MICHAEL DAVIS WORLD

You can't make this stuff up, so we don't!

The City of New Orleans, by Martha Thomases – Brilliant Disguise

November 13, 2010 Martha Thomases 13 Comments

In case you were wondering, I’m in New Orleans this week, for the 50th birthday of one of my oldest friends (20 years and counting). For some reason, there is no free wi-fi in the hotel, so I’m not going to be able to link to all the fabulous people I met, and all the fabulous things we did, which I’m sure are the buzz of the Interwebs.

Saturday, when this goes online, I’ll be on my way home. Then, it’s off to Florida to help my dad move. That’s a lot of November for a New Yorker to spend south of the Mason-Dixon line.

My friend was mildly famous when I first met him through my job. He had published a book in collaboration with a slightly more experienced fantasy writer, and he was starting his comics career. We hit it off because our kids were about the same age, and he was the only other person I’d ever met (besides my mother) who loved the English children’s writer, E. Nesbit, as much as I did.

I had met New Orleans a few years earlier. I came with my parents for a real estate convention. Then, I came with my family for a book convention. I’ve been to a few other conventions, and we came here for my husband’s 50th birthday.
What is it about New Orleans that makes you want to be here when you’re 50?

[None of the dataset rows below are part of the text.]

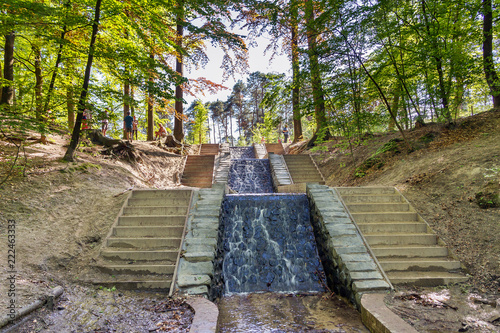 Biggest two waterfalls of the Netherlands called 'De Watervallen van de Vrijenberger Spreng' or 'Loenense waterval' in the forest near Loenen (Veluwe) photo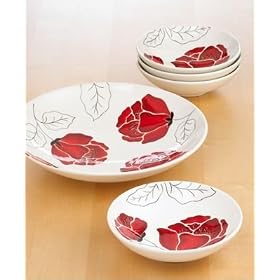 Laurie Gates Anna Bloom 5-Piece Red Pasta Bowl Set by Laurie Gates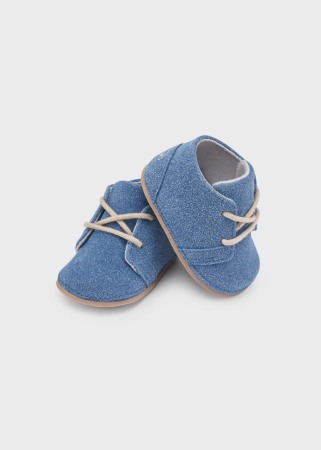 Baieti - Pantofior bebe baiat cu siret, piele, bleu, Mayoral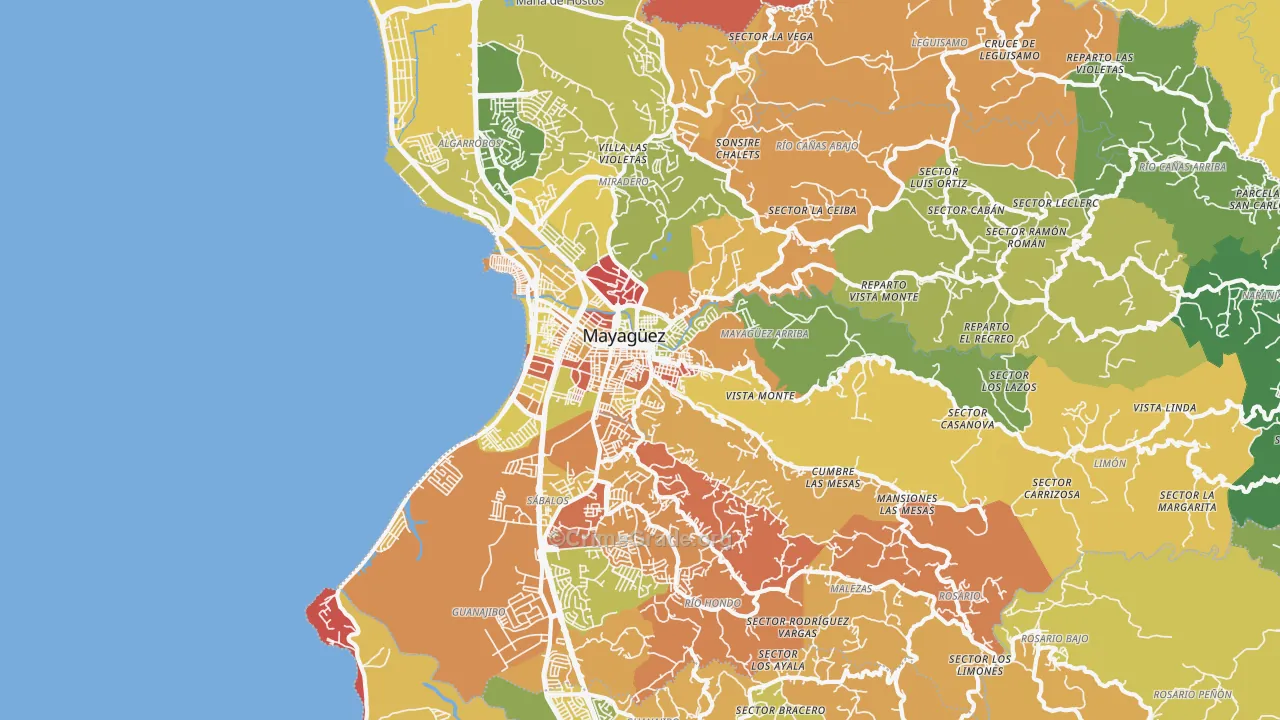 Mayaguez, PR Map of Drug-Related Crime Rates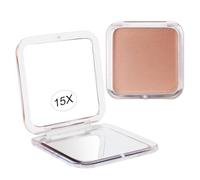 Compact 15X Magnifying Makeup Mirror for Travel, Small Pocket Mirror-Handheld, Foldable & Portable 2-Sided with 15X Magnifying and 1X Mirror for Purses - Square 3.3 x 3.3 inch (Rose Gold)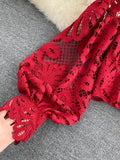 Lace Hollow Out Short Blouse Casual Lantern Long Sleeve Stand Collar Shirts Female Elegant Red/Pink/White Loose Tops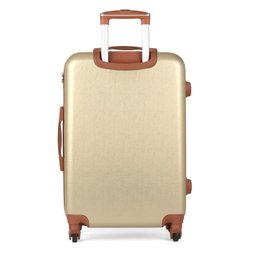 Conjunto de Malas para Viagem 3 Peças + 2 Frasqueiras PK Luxcell - Rodinhas 360º - Cor Champanhe - 3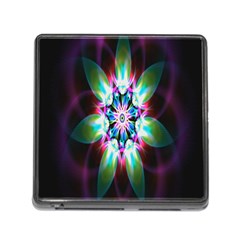 Colorful Fractal Flower Star Green Purple Memory Card Reader (square)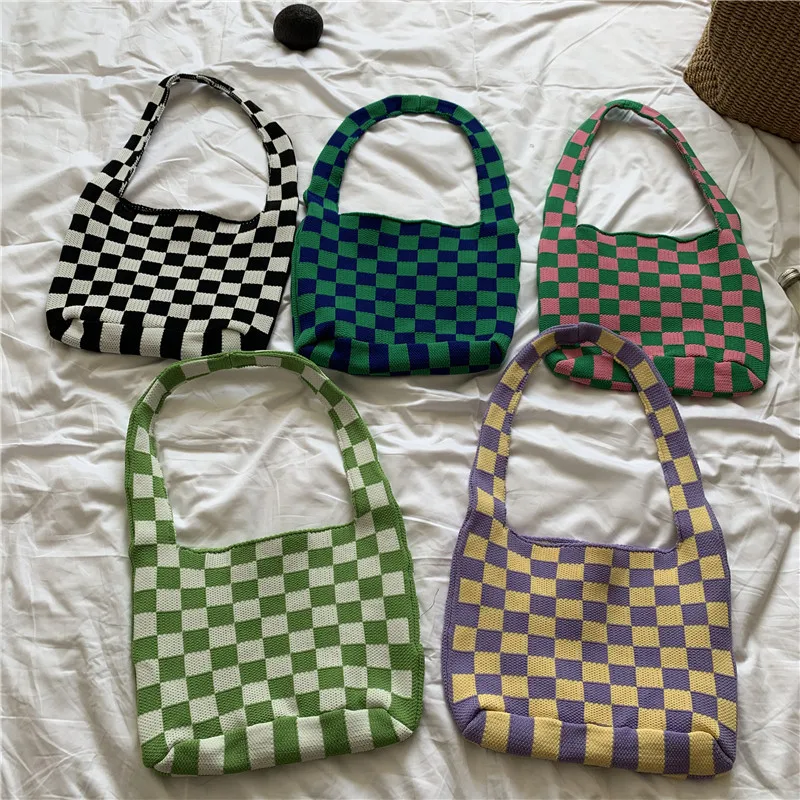 

Korean Style Fashion Checkerboard Women Large Capacity Shoulder Bag Plaid Knitted Tote Designer Shopping Bag Wholesale, 5 colors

In some ways, New Orleans is the anti-New York. It’s slow and friendly. Tourists are welcome, even (maybe especially) is they act like jerks. Nobody notices if you’re a few pounds heavier than a supermodel. The streets are so narrow that, even if you walk single-file, you can still block another pedestrian. No one screams about it.
In other ways, New Orleans is a lot like New York. The place is multi-ethnic and extremely tolerant of all kinds of lifestyle choices. Homeless and panhandling? People will be friendly and talk to you, instead of spending countless hours in meetings about how to keep you from sleeping in the park. Like to dress up in feathers and finery? You don’t have to wait for Mardi Gras. Maybe it’s the French influence (and hence, a kind of hedonistic Catholicism where confessions and indulgences get you to heaven), but this city doesn’t have that fundamentalist rigidity I associate with other parts of the South. There’s a sense of connection to other countries, to Europe and the Caribbean, not that insular navel-gazing to which we Americans are prone.

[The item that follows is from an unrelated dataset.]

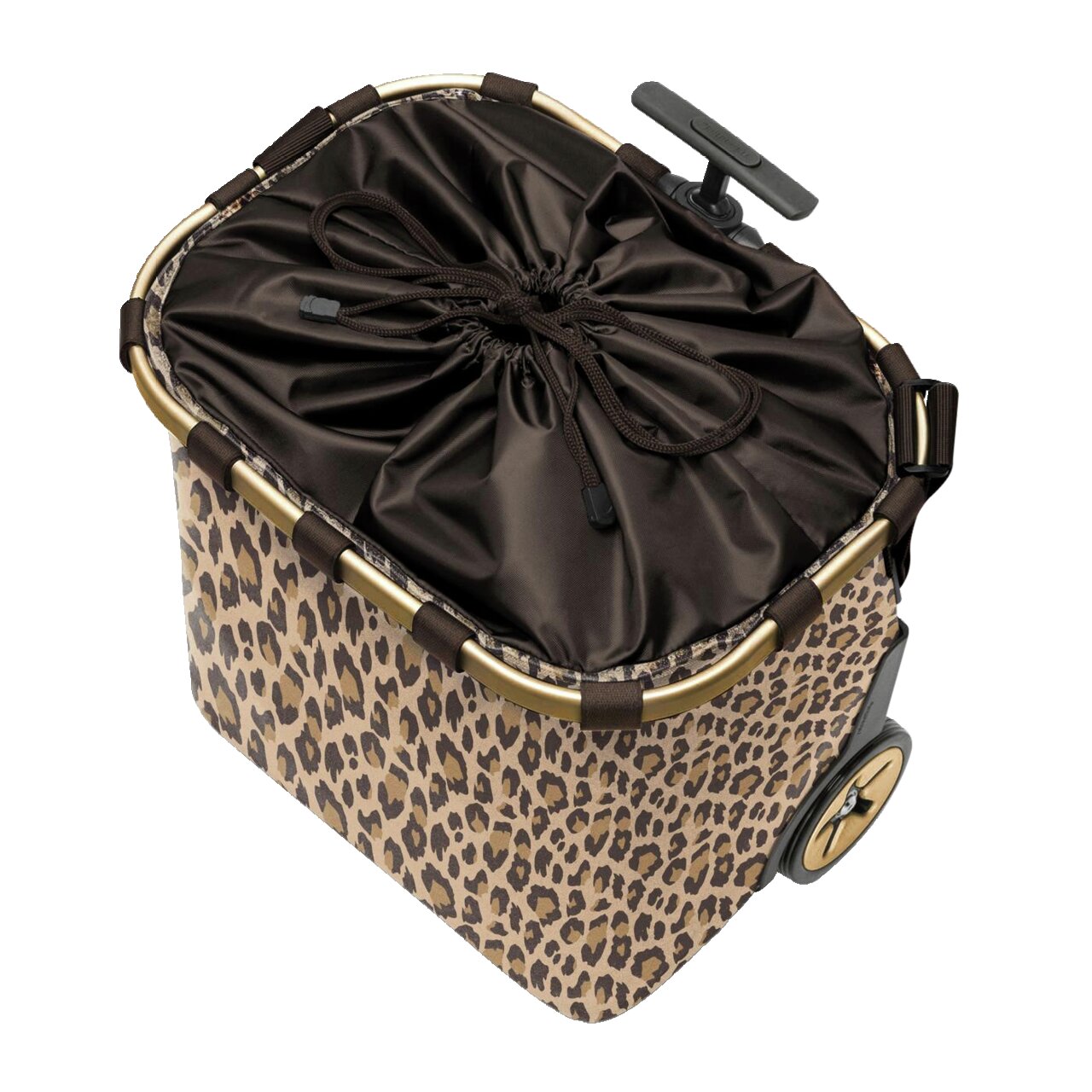 Reisenthel Carrybag Frame Leo Macchiato Leopardenmuster-Einkaufswagen mit schwarzem Kordelzugverschluss, seitliche Perspektive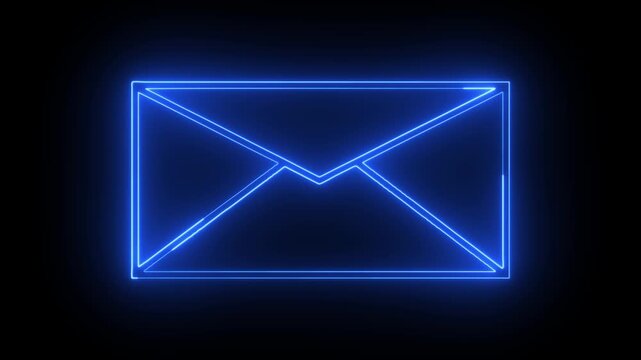 Glowing neon message box icon animation video notice receive massage animated sign symbol. Message mail box, 4k. Pulsing Neon yellow Message Box Animation:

The last time I was here was September 4, 2001. If we had been here a week later, we would have been stuck, unable to get home. Since we’ve been here this week, we’ve heard dozens of stories about Katrina. Just as New Yorkers each have a 9/11 story, people here each have a hurricane tale.
Which is another thing. In New York, I would never be talking to this many strangers. I would respect people’s privacy and space, which is what happens when millions of people are crammed into apartments that aren’t big enough for all their stuff. However, here, I’ve talked to all sorts of people. While waiting for a table at Irene’s, we talked to a couple from California, here because he’s a chemist working for the government to clean up the oil spill. I’ve offered to take photographs of groups of strangers who can’t all get into the same shot if one of them is holding the camera. I showed one of the housekeepers at the hotel how to cast on her first row of knitting.

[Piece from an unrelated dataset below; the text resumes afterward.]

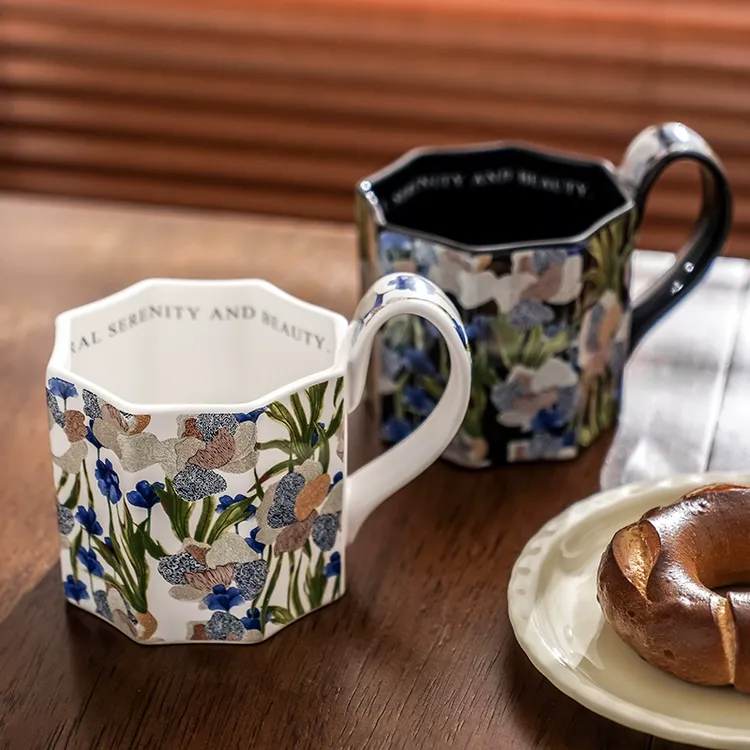 八角陶瓷杯马克杯办公室女士精致咖啡杯高级感鸢尾花杯子情侣对杯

So thanks to my friend for being around for 50 years, and thanks for including me in the celebration. Thanks to New Orleans for being so welcoming. And thanks to new tastes, sounds and smells. Being an animal is so interesting.
Martha Thomases, Ancient Goddess of Media, misses her cat, but is otherwise having a great time.

Previous Post

Next Post

Comments

  1. MOTU
    November 13, 2010 - 5:43 pm

    I did not start drinking until I was in my 30’s. LONG sad story. That said I went to New Orleans 3 times in one year. Had a very good time.

    The last time I was in New Orleans I WAS drinking and had a VERY, VERY V E R Y good time.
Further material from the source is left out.